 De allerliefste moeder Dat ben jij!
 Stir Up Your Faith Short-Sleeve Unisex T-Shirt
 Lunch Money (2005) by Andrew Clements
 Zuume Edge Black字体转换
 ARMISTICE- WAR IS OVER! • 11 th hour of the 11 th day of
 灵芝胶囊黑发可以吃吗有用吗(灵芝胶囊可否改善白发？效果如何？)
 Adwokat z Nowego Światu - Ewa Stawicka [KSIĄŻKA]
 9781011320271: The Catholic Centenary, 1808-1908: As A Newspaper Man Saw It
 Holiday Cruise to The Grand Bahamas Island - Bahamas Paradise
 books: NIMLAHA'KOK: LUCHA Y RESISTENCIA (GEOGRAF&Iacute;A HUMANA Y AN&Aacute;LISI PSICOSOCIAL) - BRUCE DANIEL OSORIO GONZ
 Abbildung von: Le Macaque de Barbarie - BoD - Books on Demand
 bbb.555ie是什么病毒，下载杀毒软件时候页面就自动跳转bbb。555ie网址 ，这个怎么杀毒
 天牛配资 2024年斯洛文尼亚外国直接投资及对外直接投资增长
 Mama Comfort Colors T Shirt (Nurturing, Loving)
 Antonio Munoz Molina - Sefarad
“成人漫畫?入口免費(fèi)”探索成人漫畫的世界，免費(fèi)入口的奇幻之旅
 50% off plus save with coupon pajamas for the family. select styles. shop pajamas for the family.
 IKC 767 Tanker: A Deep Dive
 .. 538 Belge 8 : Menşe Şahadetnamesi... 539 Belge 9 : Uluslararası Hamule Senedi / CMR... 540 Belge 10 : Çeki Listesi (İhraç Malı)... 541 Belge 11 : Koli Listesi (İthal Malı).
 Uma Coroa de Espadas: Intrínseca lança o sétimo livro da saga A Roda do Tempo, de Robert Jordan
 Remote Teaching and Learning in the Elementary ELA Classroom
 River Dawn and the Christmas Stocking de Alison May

------------------------------------------------------------------------

Your goal:
The answer consists of every line above in which the word "Shirt" occurs.

Finished exercise:
 Stir Up Your Faith Short-Sleeve Unisex T-Shirt
 Mama Comfort Colors T Shirt (Nurturing, Loving)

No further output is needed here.